Aim of the exercise:
Return, in their exact form, the lines that lie between the start of the data below and the line containing "Outdoor portrait of", with both ends included.
Given entries: Begin
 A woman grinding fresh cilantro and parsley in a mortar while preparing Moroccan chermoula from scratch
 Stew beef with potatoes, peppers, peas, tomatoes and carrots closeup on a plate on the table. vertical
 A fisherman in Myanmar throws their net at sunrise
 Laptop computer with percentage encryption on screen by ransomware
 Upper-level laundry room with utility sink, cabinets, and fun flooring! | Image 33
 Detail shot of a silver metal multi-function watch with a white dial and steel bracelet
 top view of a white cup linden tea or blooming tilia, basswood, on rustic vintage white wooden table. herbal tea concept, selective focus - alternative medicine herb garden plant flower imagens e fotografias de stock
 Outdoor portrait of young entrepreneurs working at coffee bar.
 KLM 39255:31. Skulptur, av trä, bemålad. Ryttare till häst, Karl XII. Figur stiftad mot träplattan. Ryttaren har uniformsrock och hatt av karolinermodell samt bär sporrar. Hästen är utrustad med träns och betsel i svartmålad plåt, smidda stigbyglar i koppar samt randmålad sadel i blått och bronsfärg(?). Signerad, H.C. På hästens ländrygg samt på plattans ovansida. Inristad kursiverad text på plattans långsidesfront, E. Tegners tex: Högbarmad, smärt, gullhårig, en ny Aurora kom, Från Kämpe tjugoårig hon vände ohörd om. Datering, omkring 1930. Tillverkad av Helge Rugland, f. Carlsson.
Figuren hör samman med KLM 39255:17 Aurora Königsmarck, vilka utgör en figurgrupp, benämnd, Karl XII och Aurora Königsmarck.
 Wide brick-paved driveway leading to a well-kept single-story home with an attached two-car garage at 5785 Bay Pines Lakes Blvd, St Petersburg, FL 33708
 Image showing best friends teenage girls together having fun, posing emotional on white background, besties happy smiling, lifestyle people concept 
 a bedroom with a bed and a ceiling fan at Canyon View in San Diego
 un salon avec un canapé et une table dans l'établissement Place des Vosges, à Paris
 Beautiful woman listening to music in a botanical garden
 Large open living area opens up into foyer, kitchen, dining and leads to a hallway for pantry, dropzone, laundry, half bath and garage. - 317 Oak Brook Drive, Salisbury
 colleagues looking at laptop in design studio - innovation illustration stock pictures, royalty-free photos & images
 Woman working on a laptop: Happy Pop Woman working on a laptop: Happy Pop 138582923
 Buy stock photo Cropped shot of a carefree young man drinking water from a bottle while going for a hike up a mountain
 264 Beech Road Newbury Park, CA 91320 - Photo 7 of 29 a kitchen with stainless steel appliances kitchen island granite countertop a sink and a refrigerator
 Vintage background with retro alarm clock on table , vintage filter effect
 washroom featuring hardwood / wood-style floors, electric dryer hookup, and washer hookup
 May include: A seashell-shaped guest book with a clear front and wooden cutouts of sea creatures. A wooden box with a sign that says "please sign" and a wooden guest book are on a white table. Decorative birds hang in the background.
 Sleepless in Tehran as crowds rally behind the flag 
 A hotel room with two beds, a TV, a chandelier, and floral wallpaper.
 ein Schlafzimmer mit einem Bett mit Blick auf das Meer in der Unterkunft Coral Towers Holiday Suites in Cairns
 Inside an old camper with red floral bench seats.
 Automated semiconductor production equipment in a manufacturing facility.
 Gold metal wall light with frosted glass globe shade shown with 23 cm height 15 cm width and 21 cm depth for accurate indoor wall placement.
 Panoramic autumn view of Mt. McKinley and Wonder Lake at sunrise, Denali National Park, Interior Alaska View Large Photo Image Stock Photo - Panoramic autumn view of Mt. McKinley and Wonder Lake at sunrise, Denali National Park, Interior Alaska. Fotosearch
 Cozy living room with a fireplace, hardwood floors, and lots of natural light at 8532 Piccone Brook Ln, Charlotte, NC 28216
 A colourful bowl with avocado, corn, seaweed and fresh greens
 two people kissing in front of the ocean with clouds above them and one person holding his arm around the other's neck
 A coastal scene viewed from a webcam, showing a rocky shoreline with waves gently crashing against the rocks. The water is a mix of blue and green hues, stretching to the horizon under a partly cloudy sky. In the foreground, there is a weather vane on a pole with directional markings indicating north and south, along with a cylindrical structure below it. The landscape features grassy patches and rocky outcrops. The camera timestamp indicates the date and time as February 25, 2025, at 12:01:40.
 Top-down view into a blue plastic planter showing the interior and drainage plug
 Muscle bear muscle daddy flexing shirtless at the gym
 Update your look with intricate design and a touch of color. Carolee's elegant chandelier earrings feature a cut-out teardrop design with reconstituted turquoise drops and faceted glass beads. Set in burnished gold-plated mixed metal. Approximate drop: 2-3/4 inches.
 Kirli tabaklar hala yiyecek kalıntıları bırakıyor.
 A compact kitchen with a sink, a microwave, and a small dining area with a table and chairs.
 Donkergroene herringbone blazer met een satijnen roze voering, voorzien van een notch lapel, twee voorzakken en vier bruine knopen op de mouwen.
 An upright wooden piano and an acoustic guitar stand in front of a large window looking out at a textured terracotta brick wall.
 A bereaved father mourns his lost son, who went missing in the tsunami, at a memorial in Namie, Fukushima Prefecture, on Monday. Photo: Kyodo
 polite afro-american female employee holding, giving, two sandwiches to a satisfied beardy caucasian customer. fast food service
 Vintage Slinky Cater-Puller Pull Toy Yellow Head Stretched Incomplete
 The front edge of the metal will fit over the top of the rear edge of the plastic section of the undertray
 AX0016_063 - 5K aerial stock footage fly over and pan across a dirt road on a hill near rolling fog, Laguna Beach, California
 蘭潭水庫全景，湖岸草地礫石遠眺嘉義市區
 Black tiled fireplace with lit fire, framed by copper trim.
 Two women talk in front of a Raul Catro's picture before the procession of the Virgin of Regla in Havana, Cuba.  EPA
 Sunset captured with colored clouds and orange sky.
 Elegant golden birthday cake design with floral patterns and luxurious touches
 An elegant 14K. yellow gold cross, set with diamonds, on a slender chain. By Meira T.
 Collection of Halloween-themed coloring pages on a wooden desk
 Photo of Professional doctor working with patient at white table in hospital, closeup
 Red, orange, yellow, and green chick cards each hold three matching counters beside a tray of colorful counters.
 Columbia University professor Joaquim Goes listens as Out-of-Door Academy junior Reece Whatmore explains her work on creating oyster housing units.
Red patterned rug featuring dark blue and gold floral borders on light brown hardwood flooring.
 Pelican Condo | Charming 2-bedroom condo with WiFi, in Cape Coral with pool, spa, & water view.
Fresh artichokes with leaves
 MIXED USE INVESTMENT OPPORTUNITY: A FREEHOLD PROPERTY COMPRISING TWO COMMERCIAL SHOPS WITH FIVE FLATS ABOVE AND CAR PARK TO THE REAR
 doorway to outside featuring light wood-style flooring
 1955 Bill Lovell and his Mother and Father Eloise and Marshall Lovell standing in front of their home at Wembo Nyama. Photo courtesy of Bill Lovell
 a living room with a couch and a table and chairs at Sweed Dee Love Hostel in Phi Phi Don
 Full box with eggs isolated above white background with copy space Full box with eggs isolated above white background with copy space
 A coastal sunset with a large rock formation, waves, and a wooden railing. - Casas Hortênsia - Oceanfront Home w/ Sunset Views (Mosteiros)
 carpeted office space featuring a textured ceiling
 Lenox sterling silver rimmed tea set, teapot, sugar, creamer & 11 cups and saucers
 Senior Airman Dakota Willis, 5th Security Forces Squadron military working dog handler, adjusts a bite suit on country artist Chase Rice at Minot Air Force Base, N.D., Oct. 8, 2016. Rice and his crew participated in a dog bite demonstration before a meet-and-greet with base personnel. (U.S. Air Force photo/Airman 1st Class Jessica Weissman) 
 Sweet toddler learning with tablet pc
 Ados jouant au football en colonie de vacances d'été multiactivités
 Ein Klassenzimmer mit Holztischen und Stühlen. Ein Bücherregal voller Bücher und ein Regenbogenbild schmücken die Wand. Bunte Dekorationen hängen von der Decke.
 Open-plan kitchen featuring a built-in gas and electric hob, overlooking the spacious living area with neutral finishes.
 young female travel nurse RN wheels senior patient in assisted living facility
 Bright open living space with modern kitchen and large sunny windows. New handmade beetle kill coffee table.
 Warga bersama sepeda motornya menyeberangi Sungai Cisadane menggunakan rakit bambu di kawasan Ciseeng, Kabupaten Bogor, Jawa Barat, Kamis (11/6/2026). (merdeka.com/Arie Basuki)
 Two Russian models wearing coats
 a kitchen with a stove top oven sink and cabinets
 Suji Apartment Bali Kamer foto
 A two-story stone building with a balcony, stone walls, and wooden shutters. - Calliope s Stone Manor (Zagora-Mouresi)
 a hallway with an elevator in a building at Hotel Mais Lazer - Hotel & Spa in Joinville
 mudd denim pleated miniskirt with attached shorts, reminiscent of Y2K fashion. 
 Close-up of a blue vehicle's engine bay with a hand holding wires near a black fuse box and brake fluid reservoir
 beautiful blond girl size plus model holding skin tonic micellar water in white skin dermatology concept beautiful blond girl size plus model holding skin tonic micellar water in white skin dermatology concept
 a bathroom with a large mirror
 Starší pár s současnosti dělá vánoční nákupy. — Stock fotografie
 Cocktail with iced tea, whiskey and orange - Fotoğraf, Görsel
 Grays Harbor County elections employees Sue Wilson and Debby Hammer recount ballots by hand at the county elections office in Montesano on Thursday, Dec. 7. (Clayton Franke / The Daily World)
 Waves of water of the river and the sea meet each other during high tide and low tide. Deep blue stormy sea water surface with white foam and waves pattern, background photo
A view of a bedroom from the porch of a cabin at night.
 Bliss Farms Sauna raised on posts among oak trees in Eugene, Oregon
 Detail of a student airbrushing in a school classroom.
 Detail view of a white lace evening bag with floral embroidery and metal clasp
Given entries: End
Response to this task:
 A woman grinding fresh cilantro and parsley in a mortar while preparing Moroccan chermoula from scratch
 Stew beef with potatoes, peppers, peas, tomatoes and carrots closeup on a plate on the table. vertical
 A fisherman in Myanmar throws their net at sunrise
 Laptop computer with percentage encryption on screen by ransomware
 Upper-level laundry room with utility sink, cabinets, and fun flooring! | Image 33
 Detail shot of a silver metal multi-function watch with a white dial and steel bracelet
 top view of a white cup linden tea or blooming tilia, basswood, on rustic vintage white wooden table. herbal tea concept, selective focus - alternative medicine herb garden plant flower imagens e fotografias de stock
 Outdoor portrait of young entrepreneurs working at coffee bar.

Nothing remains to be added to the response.